Retype the listing below exactly, pictures removed.
====
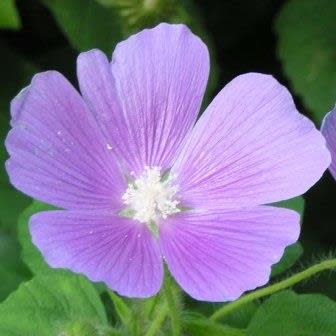Anoda cristata - Spurred Anoda, Crested Anoda, Violettas - 5 Seed Pack - Image 3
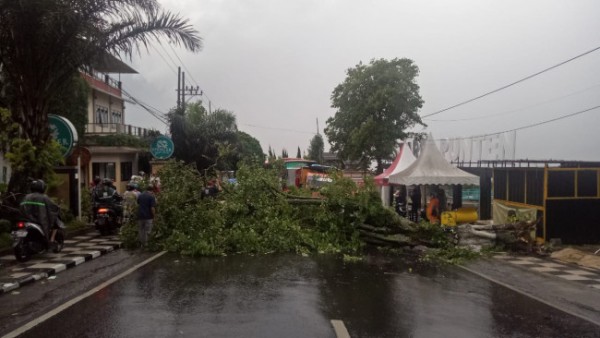 Pohon Besar Tumbang Tutupi Jalan Raya Punten Kota Batu, Roda Empat Tak Bisa Lewat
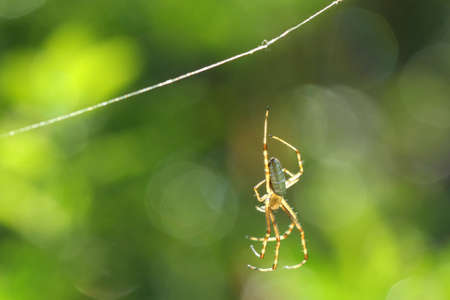 Black & Yellow Garden Spider maleの写真素材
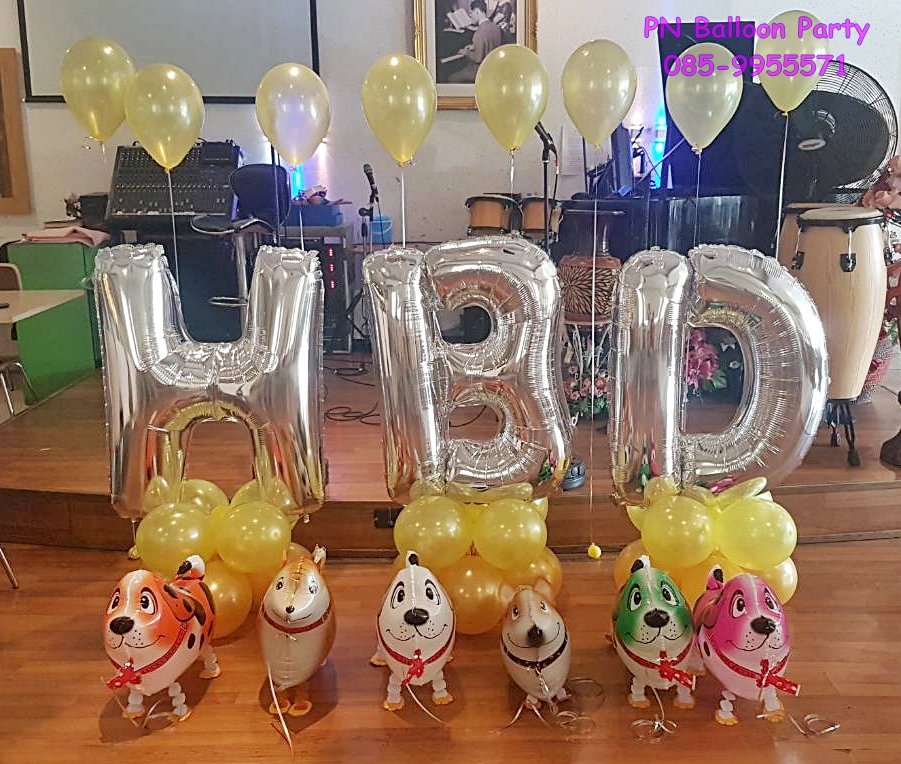 รีวิว งานวันเกิดและลูกโป่งหมาเดินได้ HBD & Walking Dog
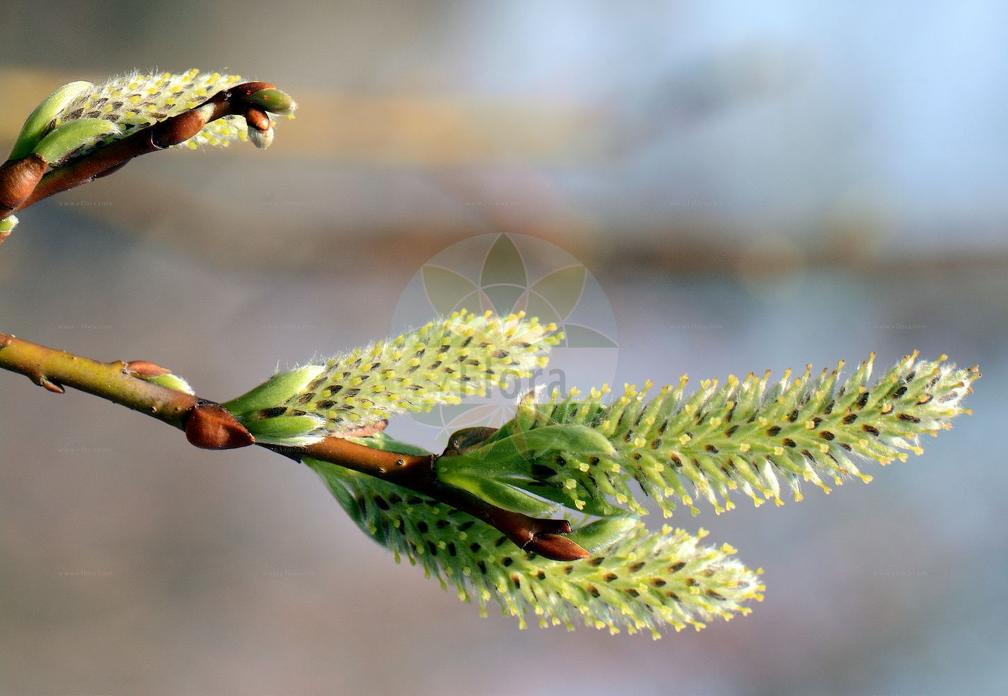 Salix bicolor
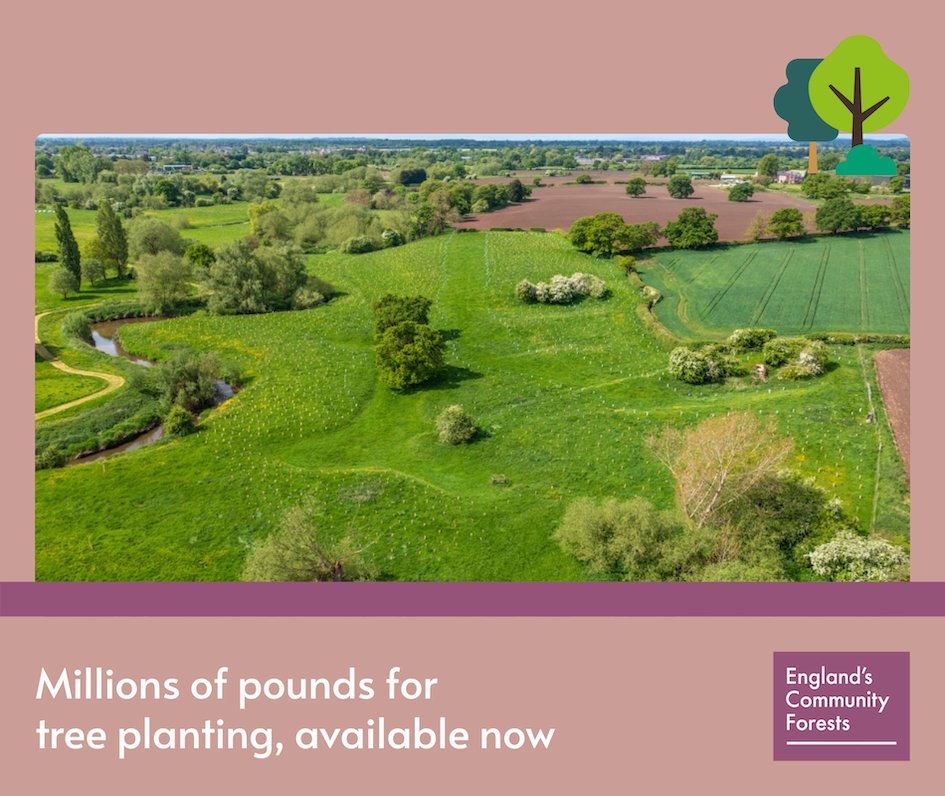 Grants available to:

🌳Cover up to 100% of the cost of tree planting, including guards and stakes
🌳Meet up to 15 years of maintenance payments

We offer one of the best woodland creation grants available today

Landowners⤵️ 
☎️01925 816217 
📧mail@merseyforest.org.uk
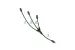 23FT 14/3 STW Green Triple Line in Win Cord - AD190723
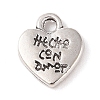 Tibetan Style Alloy Charms FIND-C060-053AS-1
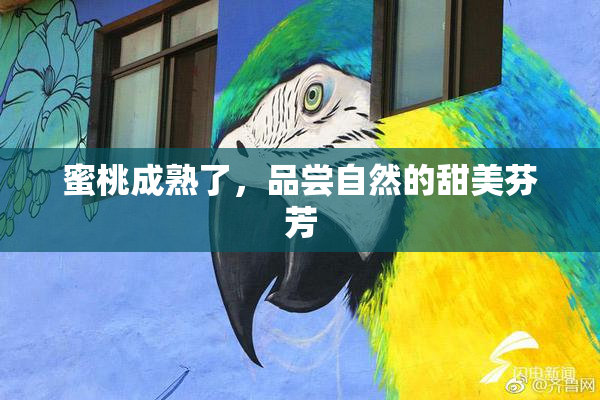 蜜桃成熟了，品尝自然的甜美芬芳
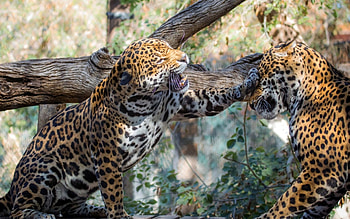 Jaguar, animal, jump, forest HD wallpaper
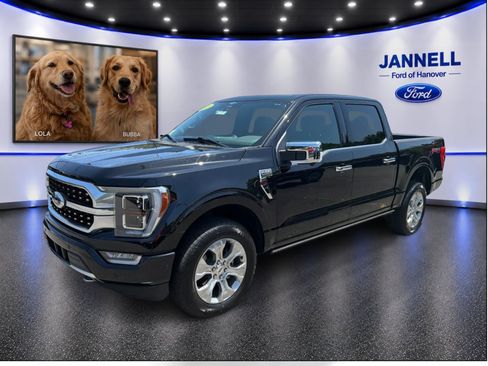 Used 2023 Ford F150 Platinum w/ Equipment Group 701A High AWD/4WD image 1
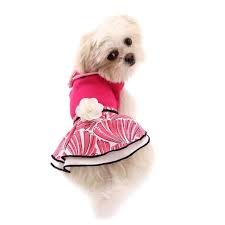 See more ideas about interior design, interior, house interior. Our Latest Posts About Mi Ki Dogs Puppies Royal T Mi Kis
====
_RESPONSE_:
Anoda cristata - Spurred Anoda, Crested Anoda, Violettas - 5 Seed Pack - Image 3
 Pohon Besar Tumbang Tutupi Jalan Raya Punten Kota Batu, Roda Empat Tak Bisa Lewat
 Black & Yellow Garden Spider maleの写真素材
 รีวิว งานวันเกิดและลูกโป่งหมาเดินได้ HBD & Walking Dog
 Salix bicolor
 Grants available to:

🌳Cover up to 100% of the cost of tree planting, including guards and stakes
🌳Meet up to 15 years of maintenance payments

We offer one of the best woodland creation grants available today

Landowners⤵️ 
☎️01925 816217 
📧mail@merseyforest.org.uk
 23FT 14/3 STW Green Triple Line in Win Cord - AD190723
 Tibetan Style Alloy Charms FIND-C060-053AS-1
 蜜桃成熟了，品尝自然的甜美芬芳
 Jaguar, animal, jump, forest HD wallpaper
 Used 2023 Ford F150 Platinum w/ Equipment Group 701A High AWD/4WD image 1
 See more ideas about interior design, interior, house interior. Our Latest Posts About Mi Ki Dogs Puppies Royal T Mi Kis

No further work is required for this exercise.